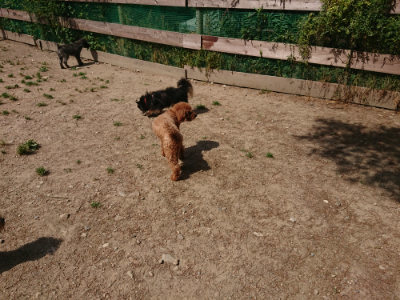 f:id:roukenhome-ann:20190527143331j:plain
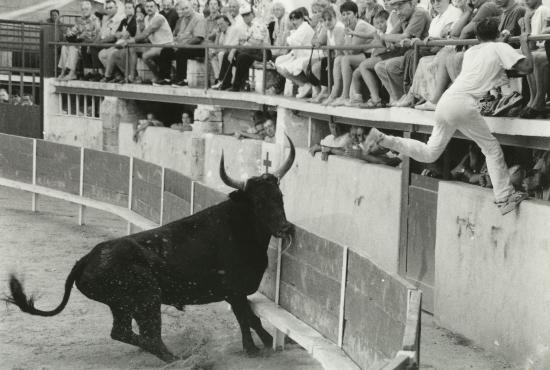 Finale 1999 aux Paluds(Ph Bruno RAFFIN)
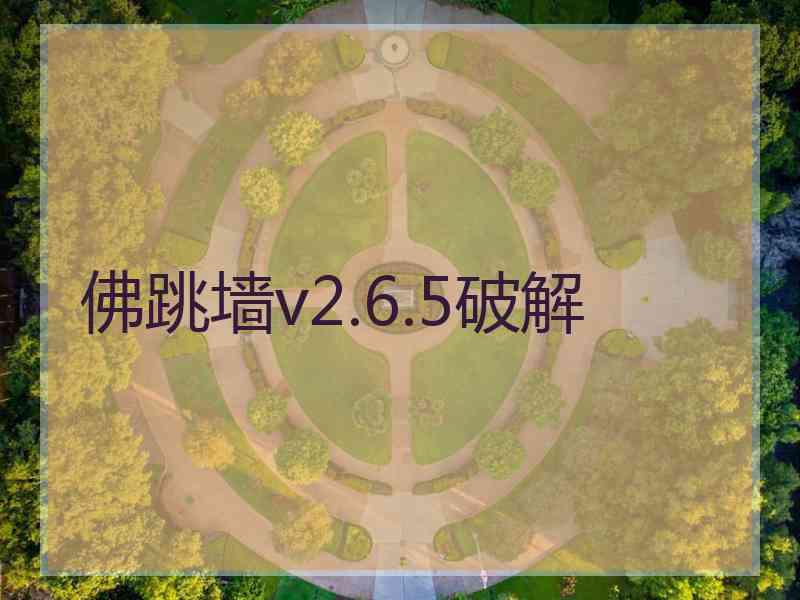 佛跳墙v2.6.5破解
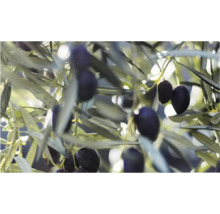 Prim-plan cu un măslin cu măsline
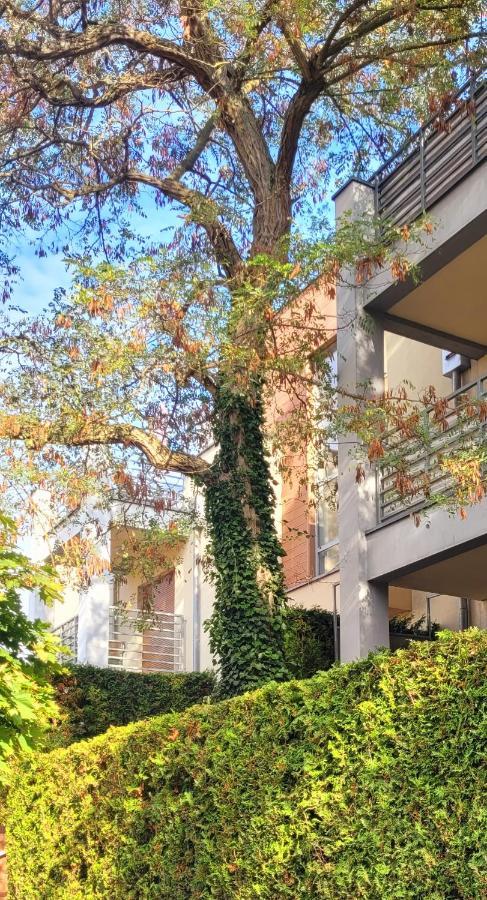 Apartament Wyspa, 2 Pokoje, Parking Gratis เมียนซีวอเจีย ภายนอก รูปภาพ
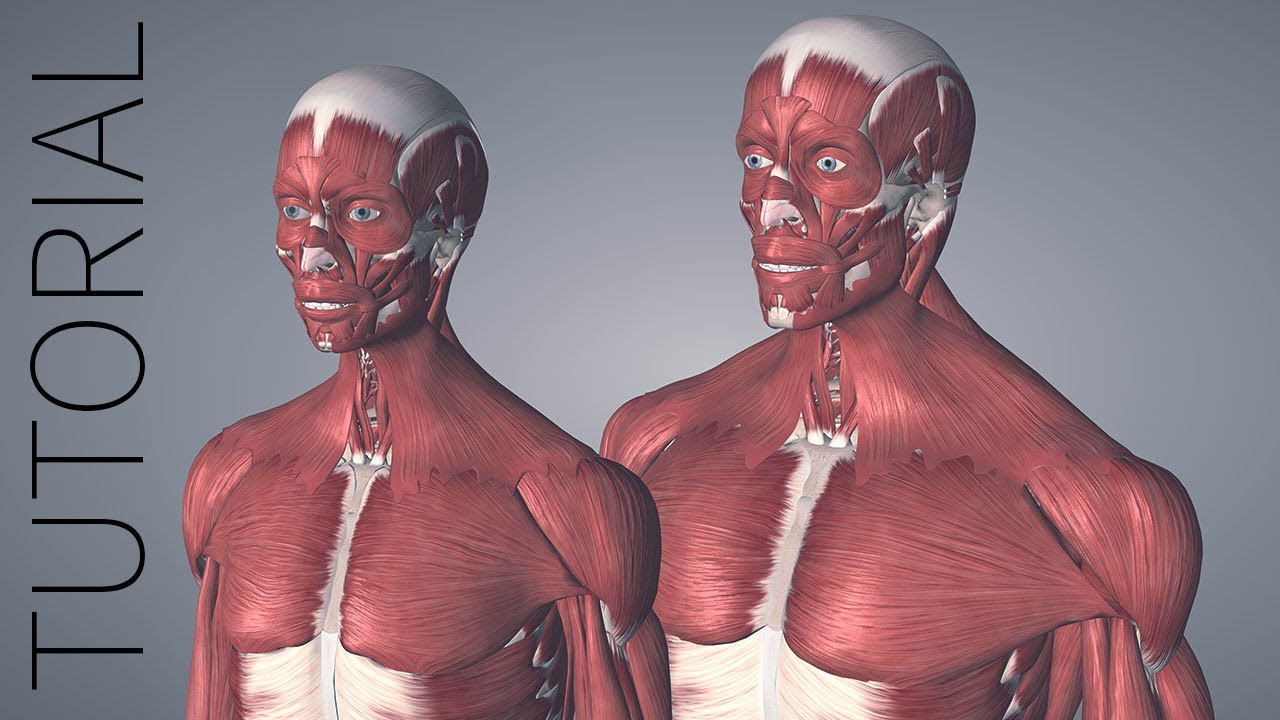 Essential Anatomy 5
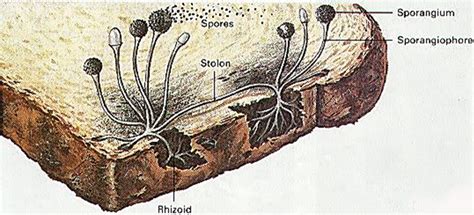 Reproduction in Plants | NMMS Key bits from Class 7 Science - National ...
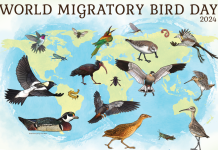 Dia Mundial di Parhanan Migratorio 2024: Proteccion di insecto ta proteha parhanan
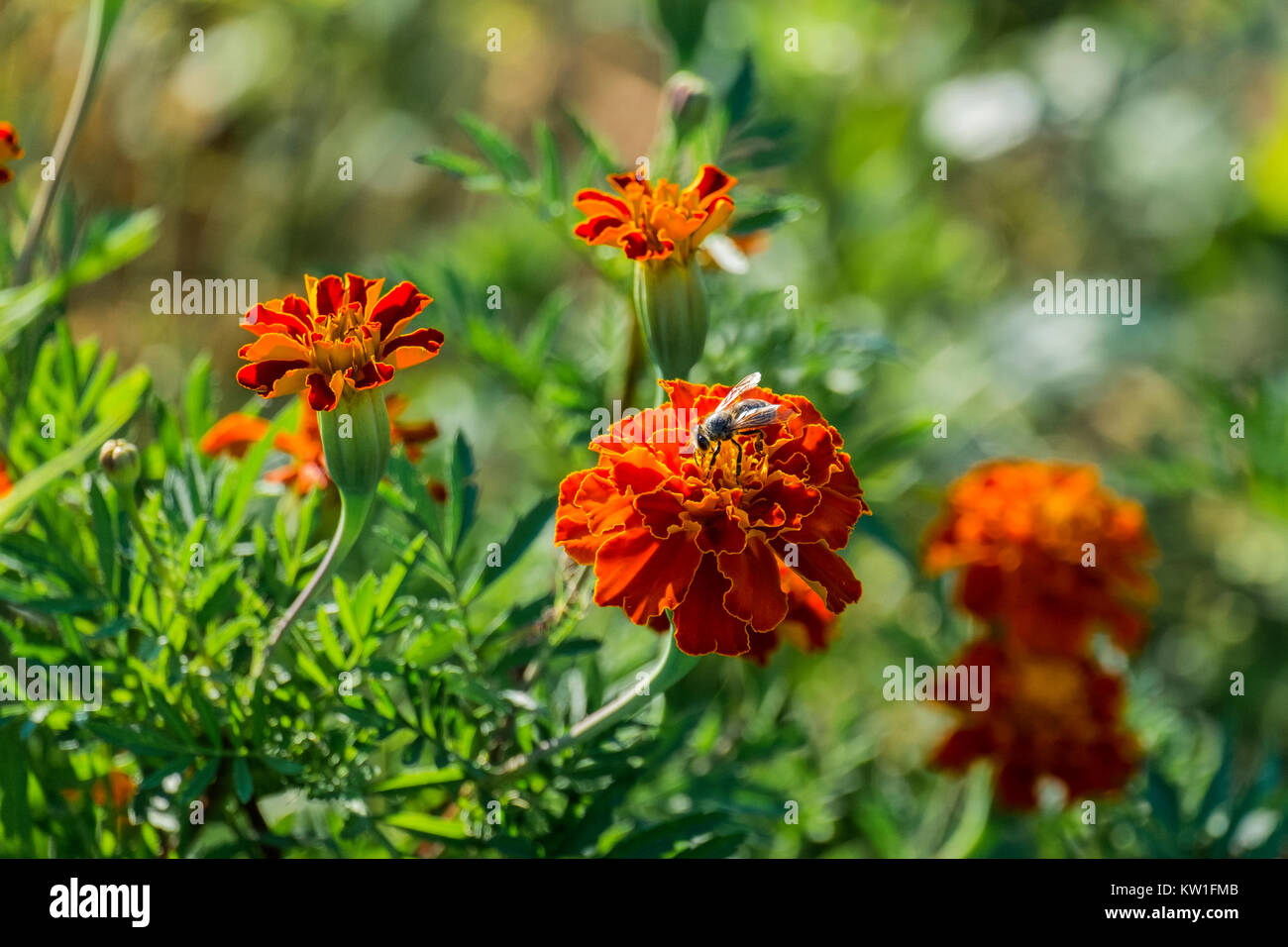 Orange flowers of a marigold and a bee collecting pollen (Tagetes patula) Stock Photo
....
● Task to carry out:
Copy out all the data exactly, skipping the pictures.

● Answer section:
 f:id:roukenhome-ann:20190527143331j:plain
 Finale 1999 aux Paluds(Ph Bruno RAFFIN)
 佛跳墙v2.6.5破解
 Prim-plan cu un măslin cu măsline
 Apartament Wyspa, 2 Pokoje, Parking Gratis เมียนซีวอเจีย ภายนอก รูปภาพ
 Essential Anatomy 5
 Reproduction in Plants | NMMS Key bits from Class 7 Science - National ...
 Dia Mundial di Parhanan Migratorio 2024: Proteccion di insecto ta proteha parhanan
 Orange flowers of a marigold and a bee collecting pollen (Tagetes patula) Stock Photo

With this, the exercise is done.